Latest report by the Sustainable Entrepreneurship and Economic Development Initiative (SEEDi), has revealed that Nigeria has lost over $1 billion to corruption-related Medium Small and Medium Enterprises (MSMEs) programmes in four years.
The report said the amount exceeds Nigeria’s capital expenditure on health and education combined for the period covering 2014 to 2018.
Based on the Central Bank of Nigeria (CBN) official rate of N306/$1, the $1billionn translates into about N306 billion.
The report titled, ‘Stolen dreams: How corruption negates government assistance to Nigeria’s small businesses,” was produced and launched Wednesday in Abuja, by the Carnegie Endowment International Peace, in collaboration with the Open Society Initiative for West Africa (OSIWA).
It said the N306 billion lost include missing and unaccounted funds disbursed to small businesses through legislators’ constituency projects, the Cassava Bread Initiative, and various loans schemes such as the Micro, Small and Medium Enterprises Development Fund, and the Agriculture Credit Guarantee Scheme.
Speaking on the report, Lead Partner, SEEDi, Celestine Okeke, said the Nigerian Government’s MSME programmes and agencies need to demonstrate basic transparency and accountability, adding that this can be achieved through better use of established mechanisms and existing laws.
According to him, the entities operate opaquely and bristle when asked how they spend public funds, even when corruption allegations about their activity surfaces.
The report reads in part, “Corruption is endemic within Nigerian government agencies meant to help MSMEs. Relative to their high costs, these agencies programmes appear to help very few people.
“Instead they are set up to fail, eroding trust in government and functioning as conduits for embezzlement, contract fraud, deliberate waste and the distribution of political patronage.
“Exacerbated by mismanagement and broader policy failures, this form of corruption has disproportionately high multiplier effects. It inflicts lasting damage and opportunity costs on a sector that employs 84 per cent of Nigerian workers and contributes about 50 per cent to Nigeria’s Gross Domestic Product.
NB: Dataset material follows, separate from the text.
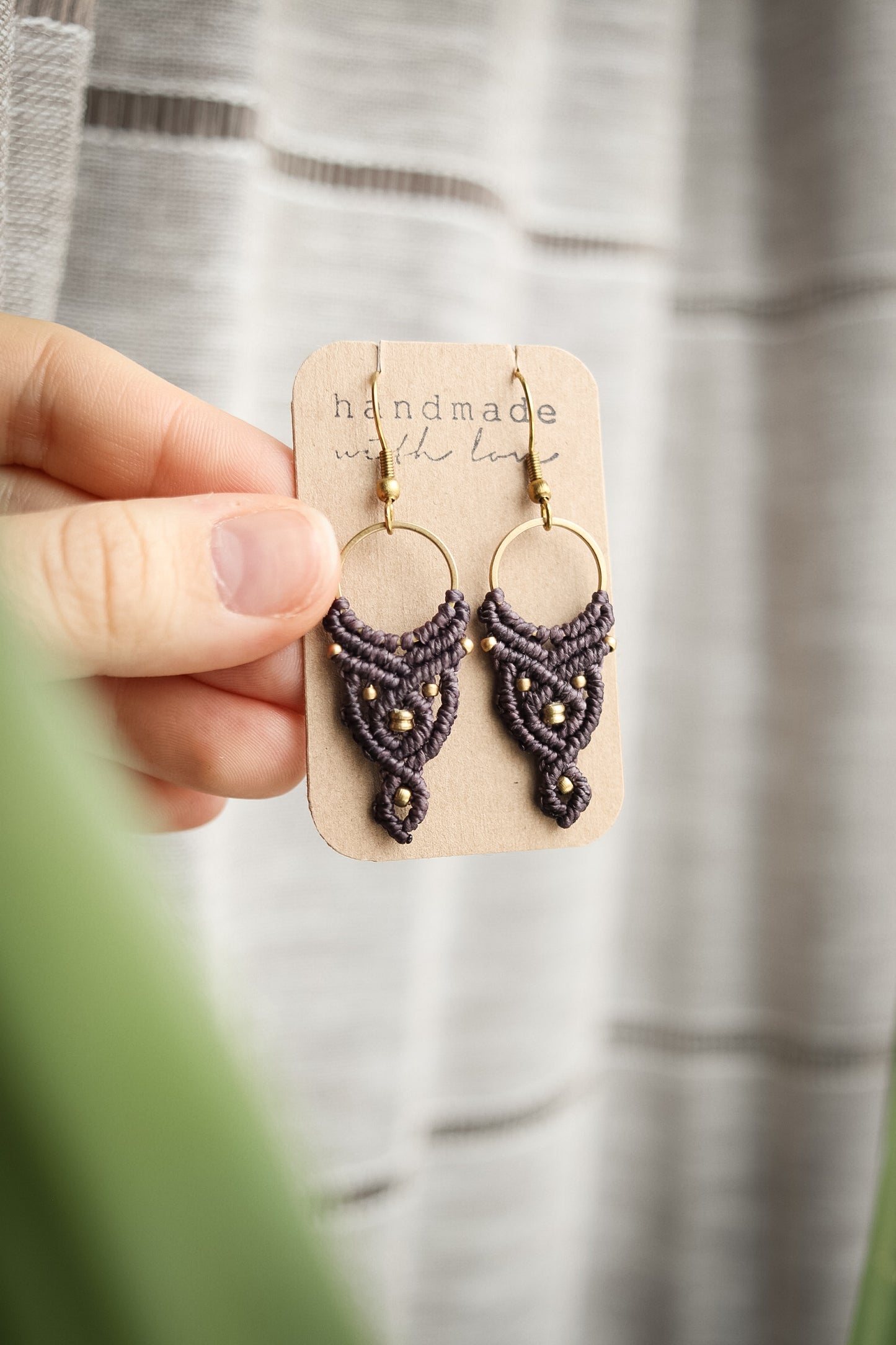 Lila Boho Ohrringe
“Though difficult to calculate, MSME -related corruption has likely siphoned over $1bn from Nigerian state coffers between 2014 and 2018.”
Chairman, Nigerian Association of Small and Medium Enterprises (NASME) Federal Capital Territory (FCT) Chapter, Abiodun Ihebuzor, said there is a deliberate attempt by the government and its agencies to misinform the public on the capacity of the small and medium enterprises.
Ihebuzor, who said it is the operating systems/institutions that are not corrupt and not the MSMEs, stressed the need for a paradigm shift in the sector where small businesses will tell their own stories by themselves.
In her remarks, Secretary, Small Scale Women Farmers Organisation in Nigeria (SWOFON) FCT Chapter, Mercy Nnanna Chukwuma, said women contribute more than 60 per cent of the MSMEs population, which needs proper funding to grow the economy.